Me confieso enamorado. En realidad lo he estado desde casi siempre. Desde aquellos años de infancia cuyos recuerdos se desdibujan en la memoria y en los que ya consideraba a la bella Audrey Hepburn como mi “novia de la tele”. Con los años, la situación no ha cambiado en absoluto ni tiene visos de hacerlo: no comulgo nada bien con el cansino merchandising que rodea su imagen, convertida hoy en icono del buen gusto, hasta el límite de lo ridículo y lo exagerado, y no deja de ser cierto también que, paradójicamente, su adorable físico pecaba de defectos, como su en ocasiones extrema delgadez, que la alejaban del prototipo de lo que hoy consideraríamos una mujer hermosa. Claro que eso no importa: no es solamente la incuestionable belleza de la actriz lo que la hace irresistible para mí, ni tampoco su indudable elegancia, sino más bien la permanente sensación de inocencia que la rodea y que, ya se correspondiera o no con su realidad como ser humano, que parece ser que sí, nos la presenta como un ser absolutamente delicado, angelical, adorable. No hay un ápice de erotismo en la figura ni en los ademanes de Audrey Hepburn, pero jamás en la pantalla he podido encontrar un mejor ejemplo de mujer enternecedoramente irresistible.
Su filmografía, no excesivamente abundante, está llena de títulos imprescindibles de la historia del cine: Vacaciones en Roma, Sabrina, Desayuno con diamantes, Charada, My fair lady, Dos en la carretera... Pero trascendiendo los papeles que amenazaban con encasillarla en el ámbito de la comedia romántica, Audrey se reveló además como una actriz de gran inteligencia y talento interpretativos (cuestionados tan solo por algún que otro ignorante, también de dentro del mundo del cine) abordando papeles tan intelectualmente complejos como los de la Hermana Luke en Historia de una monja, o la fuerte Karen Wright de La calumnia. Audrey Hepburn es mucho más que una cara bonita elevada a la condición de icono: ella es una figura irrepetible que brilló en una época en la que el cine era cine de verdad y en la que la calidad de las películas se medía por el contenido y no tanto por el continente.
Pero ella es aún más que cine.
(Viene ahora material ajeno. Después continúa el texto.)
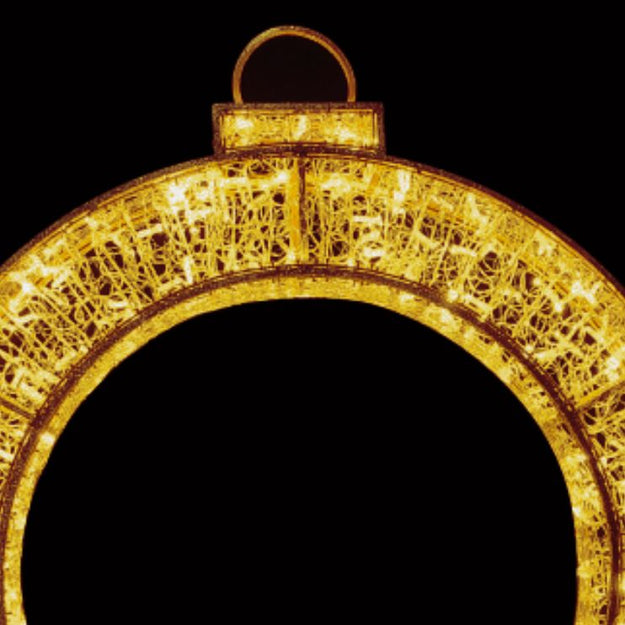 1.2m Warm White Bauble Ring Commercial Christmas Display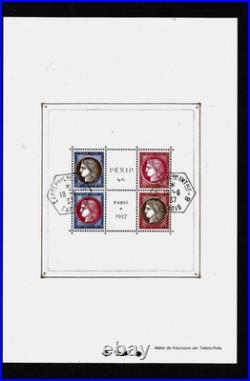 Bloc timbres France n°3 PEXIP, Neuf Exposition Philatélique Paris 1937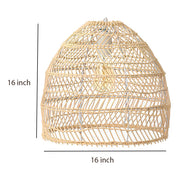Bamboo Pendant Light for Living Room 14 Inch - Kevin by Luxury Rattan Handicrafts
De hecho, su repentina desaparición de los estudios después de Sola en la oscuridad es dramática para el cinéfilo, aunque sólo sea en parte. Sin duda, en esa complicada decisión influyó su delicada situación familiar, pero ese casi definitivo alejamiento del cine la llevó a mostrarnos su faceta humanitaria como embajadora de buena voluntad de UNICEF. No es de extrañar que ella, que había sufrido en carne propia las penurias de la invasión de Holanda durante la Segunda Guerra Mundial, se entregara con fervor a la defensa de los niños desprotegidos. Se dice que durante la guerra llevaba mensajes para la Resistencia en el interior de sus zapatillas de baile (la primera vocación de Audrey, mucho antes que el cine) y su padre, de convicciones nacionalsocialistas, abandonó el hogar y rechazó voluntariamente el contacto con su hija. Claro que podemos ver a Audrey como un ser frágil, protagonista de películas agradables pero insustanciales, como un producto de marketing, pero podemos verla también como una mujer de extraordinaria fuerza y valentía, de una innegable talla intelectual que se trasluce en parte de su filmografía y que rechazando de plano los innegables beneficios que le hubiera reportado un “regreso” al cine a lo grande, optó por entregarse a la defensa (y a la defensa de verdad, no con fines publicitarios) de los más vulnerables y desfavorecidos. Un ser adorable, único, irrepetible.
La adoro.
2 comentarios:
hola, he llegado a tu blog gracias a una imagen en el google. yo también adoro a audrey, es irrepetible! de hecho, ahora estoy viendo sola en la oscuridad.
simplemente quería decirte que me han encantado las palabras que le dedicas y estoy totalmente de acuerdo contigo.
un saludo!
Bienvendia, Merche, y gracias por tu comentario.